From the data that follows, print exactly the lines starting at the one containing "Mercedes GLC C254/X254" and ending at the one containing "38 Embassy PL, St. Albert"; include both of them and nothing more.

• _Brief descriptive captions_:
☆ ☆ ☆ ☆
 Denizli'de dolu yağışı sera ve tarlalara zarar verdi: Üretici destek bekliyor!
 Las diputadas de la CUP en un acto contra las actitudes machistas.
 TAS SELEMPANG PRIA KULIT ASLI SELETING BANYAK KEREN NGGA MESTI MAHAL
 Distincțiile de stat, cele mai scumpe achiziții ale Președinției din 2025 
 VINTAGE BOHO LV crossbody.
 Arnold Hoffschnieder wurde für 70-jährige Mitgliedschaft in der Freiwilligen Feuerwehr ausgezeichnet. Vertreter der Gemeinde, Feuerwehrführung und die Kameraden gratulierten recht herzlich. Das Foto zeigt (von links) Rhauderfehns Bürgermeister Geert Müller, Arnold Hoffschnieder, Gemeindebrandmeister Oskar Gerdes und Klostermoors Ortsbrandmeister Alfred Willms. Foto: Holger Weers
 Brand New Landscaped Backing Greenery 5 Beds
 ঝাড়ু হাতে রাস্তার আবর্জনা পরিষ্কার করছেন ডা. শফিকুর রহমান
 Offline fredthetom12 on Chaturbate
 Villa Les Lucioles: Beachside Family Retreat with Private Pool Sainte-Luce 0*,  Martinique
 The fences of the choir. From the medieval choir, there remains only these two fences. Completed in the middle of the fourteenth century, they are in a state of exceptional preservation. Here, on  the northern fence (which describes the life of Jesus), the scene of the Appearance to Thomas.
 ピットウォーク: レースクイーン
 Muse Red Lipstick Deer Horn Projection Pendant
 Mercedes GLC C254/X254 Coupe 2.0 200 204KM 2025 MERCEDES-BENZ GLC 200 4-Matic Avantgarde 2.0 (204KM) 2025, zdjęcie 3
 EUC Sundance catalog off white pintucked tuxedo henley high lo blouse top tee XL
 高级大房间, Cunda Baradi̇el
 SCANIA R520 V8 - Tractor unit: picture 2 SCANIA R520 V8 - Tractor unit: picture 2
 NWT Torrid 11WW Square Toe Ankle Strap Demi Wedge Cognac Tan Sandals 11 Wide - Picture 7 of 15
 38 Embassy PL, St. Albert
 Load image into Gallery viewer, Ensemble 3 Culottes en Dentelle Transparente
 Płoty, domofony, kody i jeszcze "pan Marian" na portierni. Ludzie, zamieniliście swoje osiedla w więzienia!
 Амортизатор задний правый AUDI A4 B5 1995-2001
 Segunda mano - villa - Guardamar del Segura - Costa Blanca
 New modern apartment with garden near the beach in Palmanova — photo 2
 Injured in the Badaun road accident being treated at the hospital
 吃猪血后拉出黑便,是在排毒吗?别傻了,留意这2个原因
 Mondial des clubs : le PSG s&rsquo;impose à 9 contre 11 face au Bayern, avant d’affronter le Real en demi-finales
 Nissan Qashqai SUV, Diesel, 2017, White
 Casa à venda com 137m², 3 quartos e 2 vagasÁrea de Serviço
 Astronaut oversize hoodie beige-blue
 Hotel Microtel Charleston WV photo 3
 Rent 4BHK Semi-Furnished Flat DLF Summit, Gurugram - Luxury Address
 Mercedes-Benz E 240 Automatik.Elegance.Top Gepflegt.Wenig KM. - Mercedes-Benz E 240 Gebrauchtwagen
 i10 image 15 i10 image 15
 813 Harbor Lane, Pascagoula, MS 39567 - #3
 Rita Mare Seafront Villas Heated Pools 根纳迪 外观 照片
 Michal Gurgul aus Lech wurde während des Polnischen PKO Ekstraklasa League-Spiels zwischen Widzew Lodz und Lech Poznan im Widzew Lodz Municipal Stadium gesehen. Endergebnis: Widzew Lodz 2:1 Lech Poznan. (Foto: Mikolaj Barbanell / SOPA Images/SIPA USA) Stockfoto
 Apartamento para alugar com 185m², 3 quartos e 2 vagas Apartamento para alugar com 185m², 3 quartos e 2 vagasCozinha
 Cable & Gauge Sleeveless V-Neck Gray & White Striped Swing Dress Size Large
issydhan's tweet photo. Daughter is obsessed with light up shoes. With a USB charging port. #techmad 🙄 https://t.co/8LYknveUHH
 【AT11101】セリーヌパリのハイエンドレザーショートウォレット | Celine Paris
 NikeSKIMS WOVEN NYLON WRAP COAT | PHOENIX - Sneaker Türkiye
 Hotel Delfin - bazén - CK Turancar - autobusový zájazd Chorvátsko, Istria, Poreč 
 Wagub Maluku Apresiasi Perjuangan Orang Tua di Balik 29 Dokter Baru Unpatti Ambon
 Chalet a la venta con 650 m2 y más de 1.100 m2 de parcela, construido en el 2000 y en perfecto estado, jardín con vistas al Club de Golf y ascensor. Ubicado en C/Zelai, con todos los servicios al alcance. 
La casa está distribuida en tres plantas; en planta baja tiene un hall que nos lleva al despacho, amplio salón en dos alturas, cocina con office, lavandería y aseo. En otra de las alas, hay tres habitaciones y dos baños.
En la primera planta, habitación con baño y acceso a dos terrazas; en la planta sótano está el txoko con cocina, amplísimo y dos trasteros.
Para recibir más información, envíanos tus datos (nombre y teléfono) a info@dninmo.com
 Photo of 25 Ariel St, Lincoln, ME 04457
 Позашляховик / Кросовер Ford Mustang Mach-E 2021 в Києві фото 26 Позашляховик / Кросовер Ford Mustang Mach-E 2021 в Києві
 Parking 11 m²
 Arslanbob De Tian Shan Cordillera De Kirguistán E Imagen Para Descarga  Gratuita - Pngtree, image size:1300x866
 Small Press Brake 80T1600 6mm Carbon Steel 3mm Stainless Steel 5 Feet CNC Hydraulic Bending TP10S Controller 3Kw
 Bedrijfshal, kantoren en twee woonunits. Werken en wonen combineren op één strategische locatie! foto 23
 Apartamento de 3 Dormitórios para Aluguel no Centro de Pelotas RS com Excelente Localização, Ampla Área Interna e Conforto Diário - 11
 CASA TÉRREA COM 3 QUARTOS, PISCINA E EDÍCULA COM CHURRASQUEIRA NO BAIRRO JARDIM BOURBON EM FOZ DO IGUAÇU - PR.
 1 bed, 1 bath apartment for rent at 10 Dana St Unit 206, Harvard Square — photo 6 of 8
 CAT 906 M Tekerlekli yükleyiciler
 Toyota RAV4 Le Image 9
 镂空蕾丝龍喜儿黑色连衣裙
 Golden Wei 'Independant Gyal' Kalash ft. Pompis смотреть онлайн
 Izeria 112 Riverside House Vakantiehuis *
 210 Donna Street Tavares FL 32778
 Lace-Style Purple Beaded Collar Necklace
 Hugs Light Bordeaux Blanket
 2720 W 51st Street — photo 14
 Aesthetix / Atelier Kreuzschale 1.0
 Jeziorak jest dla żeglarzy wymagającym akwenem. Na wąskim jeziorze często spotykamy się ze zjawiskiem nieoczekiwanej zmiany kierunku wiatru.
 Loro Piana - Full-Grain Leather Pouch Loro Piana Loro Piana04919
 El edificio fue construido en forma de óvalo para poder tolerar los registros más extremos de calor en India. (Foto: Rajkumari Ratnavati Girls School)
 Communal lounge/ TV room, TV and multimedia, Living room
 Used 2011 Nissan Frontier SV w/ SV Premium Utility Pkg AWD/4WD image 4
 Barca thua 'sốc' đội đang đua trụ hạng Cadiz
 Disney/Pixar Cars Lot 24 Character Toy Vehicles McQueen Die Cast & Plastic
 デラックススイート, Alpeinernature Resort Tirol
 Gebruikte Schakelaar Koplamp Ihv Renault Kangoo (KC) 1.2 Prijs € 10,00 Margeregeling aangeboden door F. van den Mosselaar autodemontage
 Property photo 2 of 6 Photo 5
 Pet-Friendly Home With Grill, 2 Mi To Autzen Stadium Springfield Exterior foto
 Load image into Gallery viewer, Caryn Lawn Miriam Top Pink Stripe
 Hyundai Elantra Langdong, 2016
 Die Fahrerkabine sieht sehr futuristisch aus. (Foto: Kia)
☆ ☆ ☆ ☆
• _EXERCISE OUTPUT_:
 Mercedes GLC C254/X254 Coupe 2.0 200 204KM 2025 MERCEDES-BENZ GLC 200 4-Matic Avantgarde 2.0 (204KM) 2025, zdjęcie 3
 EUC Sundance catalog off white pintucked tuxedo henley high lo blouse top tee XL
 高级大房间, Cunda Baradi̇el
 SCANIA R520 V8 - Tractor unit: picture 2 SCANIA R520 V8 - Tractor unit: picture 2
 NWT Torrid 11WW Square Toe Ankle Strap Demi Wedge Cognac Tan Sandals 11 Wide - Picture 7 of 15
 38 Embassy PL, St. Albert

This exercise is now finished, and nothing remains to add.